How well do Google and Microsoft and recognize speech across dialect, gender and race?

If you’ve been following my blog for a while, you may remember that last year I found that YouTube’s automatic captions didn’t work as well for some dialects, or for women. The effects I found were pretty robust, but I wanted to replicate them for a couple of reasons:

  • I only looked at one system, YouTube’s automatic captions, and even that was over a period of several years instead of at just one point in time. I controlled for time-of-upload in my statistical models, but it wasn’t the fairest system evaluation.
  • I didn’t control for the audio quality, and since speech recognition is pretty sensitive to things like background noise and microphone quality, that could have had an effect.
  • The only demographic information I had was where someone was from. Given recent results that find that natural language processing tools don’t work as well for African American English, I was especially interested in looking at automatic speech recognition (ASR) accuracy for African American English speakers.

With that in mind, I did a second analysis on both YouTube’s automatic captions and Bing’s speech API (that’s the same tech that’s inside Microsoft’s Cortana, as far as I know).

Speech Data

For this project, I used speech data from the International Dialects of English Archive.

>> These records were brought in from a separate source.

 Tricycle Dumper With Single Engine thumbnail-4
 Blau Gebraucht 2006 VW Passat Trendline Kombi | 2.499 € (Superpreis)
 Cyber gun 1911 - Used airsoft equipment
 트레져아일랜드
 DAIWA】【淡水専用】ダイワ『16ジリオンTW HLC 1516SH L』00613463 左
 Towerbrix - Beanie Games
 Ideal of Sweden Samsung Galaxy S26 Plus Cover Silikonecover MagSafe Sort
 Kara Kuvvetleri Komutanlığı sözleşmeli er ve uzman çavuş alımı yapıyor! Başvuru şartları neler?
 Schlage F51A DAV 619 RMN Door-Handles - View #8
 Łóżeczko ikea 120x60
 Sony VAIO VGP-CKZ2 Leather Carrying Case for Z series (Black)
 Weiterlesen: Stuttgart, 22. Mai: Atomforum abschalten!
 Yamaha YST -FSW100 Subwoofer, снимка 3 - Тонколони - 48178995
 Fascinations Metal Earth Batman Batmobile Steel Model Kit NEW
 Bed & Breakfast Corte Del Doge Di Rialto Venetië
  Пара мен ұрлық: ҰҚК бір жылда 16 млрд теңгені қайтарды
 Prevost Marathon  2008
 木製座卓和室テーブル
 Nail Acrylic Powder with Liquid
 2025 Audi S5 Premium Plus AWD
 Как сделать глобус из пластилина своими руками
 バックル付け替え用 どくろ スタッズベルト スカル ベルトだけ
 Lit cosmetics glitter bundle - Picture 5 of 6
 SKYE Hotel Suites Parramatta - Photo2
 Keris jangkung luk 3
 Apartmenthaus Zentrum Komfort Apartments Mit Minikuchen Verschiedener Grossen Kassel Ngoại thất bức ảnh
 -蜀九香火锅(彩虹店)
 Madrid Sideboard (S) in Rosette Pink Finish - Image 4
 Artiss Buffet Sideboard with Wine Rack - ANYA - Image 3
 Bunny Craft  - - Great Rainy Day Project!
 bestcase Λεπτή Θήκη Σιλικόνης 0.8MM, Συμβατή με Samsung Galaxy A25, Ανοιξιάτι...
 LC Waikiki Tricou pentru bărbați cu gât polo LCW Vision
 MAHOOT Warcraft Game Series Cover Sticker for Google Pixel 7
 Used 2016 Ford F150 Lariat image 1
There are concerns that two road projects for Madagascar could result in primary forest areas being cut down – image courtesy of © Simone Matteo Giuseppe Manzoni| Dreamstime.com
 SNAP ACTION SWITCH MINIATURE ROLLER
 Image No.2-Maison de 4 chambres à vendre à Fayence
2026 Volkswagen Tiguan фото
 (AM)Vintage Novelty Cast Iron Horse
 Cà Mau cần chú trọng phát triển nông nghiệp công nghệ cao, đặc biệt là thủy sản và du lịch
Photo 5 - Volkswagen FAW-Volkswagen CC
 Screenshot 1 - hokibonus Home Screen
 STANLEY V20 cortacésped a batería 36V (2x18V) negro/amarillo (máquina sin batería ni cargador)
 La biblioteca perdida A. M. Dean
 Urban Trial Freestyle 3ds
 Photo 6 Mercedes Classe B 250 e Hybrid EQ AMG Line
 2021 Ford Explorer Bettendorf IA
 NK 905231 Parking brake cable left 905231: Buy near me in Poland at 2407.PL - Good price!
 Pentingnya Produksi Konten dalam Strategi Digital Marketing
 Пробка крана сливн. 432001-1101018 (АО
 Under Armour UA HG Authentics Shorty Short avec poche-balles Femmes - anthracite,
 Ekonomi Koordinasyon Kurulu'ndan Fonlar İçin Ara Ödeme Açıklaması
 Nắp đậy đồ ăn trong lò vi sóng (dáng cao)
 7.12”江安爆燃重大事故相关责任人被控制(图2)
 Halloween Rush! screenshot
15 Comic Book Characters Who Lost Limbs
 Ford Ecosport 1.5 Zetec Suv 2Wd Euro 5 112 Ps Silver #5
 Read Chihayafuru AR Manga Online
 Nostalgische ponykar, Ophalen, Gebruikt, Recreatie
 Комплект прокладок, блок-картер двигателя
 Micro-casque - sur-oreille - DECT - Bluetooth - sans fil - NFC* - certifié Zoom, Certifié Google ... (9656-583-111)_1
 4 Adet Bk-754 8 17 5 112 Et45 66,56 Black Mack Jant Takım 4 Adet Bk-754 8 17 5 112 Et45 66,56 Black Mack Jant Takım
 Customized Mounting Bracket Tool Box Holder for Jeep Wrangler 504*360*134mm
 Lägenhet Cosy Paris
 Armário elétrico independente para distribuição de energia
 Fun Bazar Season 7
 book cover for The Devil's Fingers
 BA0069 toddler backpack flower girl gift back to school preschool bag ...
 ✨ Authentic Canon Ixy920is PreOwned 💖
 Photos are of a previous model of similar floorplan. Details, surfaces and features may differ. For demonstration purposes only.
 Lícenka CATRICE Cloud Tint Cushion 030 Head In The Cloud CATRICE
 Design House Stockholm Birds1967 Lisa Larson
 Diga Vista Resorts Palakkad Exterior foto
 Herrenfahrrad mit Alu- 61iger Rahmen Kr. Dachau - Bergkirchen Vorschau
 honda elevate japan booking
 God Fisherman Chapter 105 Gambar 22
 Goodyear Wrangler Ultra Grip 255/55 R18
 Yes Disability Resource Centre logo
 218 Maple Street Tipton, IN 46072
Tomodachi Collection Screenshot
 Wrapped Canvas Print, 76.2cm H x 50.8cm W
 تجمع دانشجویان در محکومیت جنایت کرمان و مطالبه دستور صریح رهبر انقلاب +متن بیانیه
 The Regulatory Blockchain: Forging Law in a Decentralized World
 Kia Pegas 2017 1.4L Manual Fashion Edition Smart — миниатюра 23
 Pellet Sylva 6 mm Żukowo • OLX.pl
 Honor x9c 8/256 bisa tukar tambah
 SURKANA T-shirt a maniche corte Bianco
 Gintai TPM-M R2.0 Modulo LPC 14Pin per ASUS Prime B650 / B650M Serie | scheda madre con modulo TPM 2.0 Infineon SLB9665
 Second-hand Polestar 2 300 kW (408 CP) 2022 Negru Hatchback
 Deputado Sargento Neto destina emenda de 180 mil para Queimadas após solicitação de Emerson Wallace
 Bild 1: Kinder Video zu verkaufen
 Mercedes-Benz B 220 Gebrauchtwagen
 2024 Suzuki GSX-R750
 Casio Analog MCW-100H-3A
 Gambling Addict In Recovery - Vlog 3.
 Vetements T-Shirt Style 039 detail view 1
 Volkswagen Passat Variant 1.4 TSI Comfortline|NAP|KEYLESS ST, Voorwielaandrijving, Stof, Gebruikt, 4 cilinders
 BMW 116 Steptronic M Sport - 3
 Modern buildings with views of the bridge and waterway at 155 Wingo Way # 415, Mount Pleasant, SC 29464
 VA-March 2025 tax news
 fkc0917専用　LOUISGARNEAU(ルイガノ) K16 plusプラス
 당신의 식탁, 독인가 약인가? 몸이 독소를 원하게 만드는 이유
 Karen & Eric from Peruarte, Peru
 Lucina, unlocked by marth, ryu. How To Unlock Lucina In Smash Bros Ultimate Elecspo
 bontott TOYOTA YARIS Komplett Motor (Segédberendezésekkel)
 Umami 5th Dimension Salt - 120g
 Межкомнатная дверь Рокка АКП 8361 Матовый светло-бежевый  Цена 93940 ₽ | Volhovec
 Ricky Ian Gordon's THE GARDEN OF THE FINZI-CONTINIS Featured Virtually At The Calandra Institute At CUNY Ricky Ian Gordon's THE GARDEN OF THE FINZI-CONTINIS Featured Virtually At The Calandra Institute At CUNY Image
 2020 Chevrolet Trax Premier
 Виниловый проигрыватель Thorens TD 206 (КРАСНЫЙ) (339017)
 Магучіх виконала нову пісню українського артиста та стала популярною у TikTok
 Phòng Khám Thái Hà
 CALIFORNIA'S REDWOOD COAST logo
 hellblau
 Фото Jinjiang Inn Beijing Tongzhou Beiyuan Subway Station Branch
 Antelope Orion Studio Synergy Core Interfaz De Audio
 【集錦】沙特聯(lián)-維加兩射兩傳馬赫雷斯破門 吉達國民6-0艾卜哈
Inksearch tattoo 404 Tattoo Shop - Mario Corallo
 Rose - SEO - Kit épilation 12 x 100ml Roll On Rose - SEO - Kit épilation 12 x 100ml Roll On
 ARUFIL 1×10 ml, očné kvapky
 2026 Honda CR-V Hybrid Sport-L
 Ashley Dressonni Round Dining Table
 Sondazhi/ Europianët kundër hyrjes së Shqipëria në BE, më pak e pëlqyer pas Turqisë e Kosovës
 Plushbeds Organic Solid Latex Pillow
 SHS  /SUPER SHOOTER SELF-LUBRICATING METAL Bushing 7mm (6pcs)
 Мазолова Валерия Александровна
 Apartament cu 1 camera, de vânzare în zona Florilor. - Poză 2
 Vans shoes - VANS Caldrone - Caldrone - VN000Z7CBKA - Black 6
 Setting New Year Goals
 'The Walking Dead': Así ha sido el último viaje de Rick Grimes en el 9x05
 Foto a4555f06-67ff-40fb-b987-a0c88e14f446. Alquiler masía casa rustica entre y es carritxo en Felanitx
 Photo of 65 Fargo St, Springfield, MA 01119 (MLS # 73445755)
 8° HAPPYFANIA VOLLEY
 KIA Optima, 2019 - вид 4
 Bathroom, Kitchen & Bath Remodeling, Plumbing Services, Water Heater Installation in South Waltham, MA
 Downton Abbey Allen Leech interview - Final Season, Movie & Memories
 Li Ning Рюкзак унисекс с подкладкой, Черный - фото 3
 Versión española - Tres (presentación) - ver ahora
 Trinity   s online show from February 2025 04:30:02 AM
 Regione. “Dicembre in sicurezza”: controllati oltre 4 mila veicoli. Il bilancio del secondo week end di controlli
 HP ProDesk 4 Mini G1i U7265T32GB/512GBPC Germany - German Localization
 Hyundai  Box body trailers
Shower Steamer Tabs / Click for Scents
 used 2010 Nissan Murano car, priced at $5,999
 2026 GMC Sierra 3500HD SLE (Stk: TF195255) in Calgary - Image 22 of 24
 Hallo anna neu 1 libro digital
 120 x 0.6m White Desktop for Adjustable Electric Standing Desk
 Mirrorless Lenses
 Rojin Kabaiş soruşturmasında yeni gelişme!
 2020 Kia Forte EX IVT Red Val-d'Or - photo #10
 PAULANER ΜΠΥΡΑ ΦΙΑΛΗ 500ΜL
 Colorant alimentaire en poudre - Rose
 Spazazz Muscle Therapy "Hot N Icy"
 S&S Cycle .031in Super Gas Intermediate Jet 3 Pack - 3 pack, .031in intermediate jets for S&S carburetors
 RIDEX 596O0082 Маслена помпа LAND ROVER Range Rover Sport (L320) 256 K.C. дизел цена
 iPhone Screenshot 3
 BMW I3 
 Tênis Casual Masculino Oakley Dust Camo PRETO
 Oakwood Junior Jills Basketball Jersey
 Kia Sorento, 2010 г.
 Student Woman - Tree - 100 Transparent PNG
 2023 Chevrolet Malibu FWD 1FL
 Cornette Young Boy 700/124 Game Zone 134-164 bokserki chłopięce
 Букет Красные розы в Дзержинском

It’s a collection of English speech from all over, originally collected to help actors sound more realistic.

I used speech data from four varieties: the South (speakers from Alabama), the Northern Cities (Michigan), California (California) and General American. “General American” is the sort of news-caster style of speech that a lot of people consider unaccented–even though it’s just as much an accent as any of the others! You can hear a sample here.

For each variety, I did an acoustic analysis to make sure that speakers I’d selected actually did use the variety I thought they should, and they all did.

Systems

For the YouTube captions, I just uploaded the speech files to YouTube as videos and then downloaded the subtitles. (I would have used the API instead, but when I was doing this analysis there was no Python Google Speech API, even though very thorough documentation had already been released.)

Bing’s speech API was a little  more complex. For this one, my co-author built a custom Android application that sent the files to the API & requested a long-form transcript back. For some reason, a lot of our sound files were returned as only partial transcriptions. My theory is that there is a running confidence function for the accuracy of the transcription, and once the overall confidence drops below a certain threshold, you get back whatever was transcribed up to there. I don’t know if that’s the case, though, since I don’t have access to their source code. Whatever the reason, the Bing transcriptions were less accurate overall than the YouTube transcriptions, even when we account for the fact that fewer words were returned.

Results

OK, now to the results. Let’s start with dialect area. As you might be able to tell from the graphs below, there were pretty big differences between the two systems we looked at. In general, there was more variation in the word error rate for Bing and overall the error rate tended to be a bit higher (although that could be due to the incomplete transcriptions we mentioned above). YouTube’s captions were generally more accurate and more consistent. That said, both systems had different error rates across dialects, with the lowest average error rates for General American English.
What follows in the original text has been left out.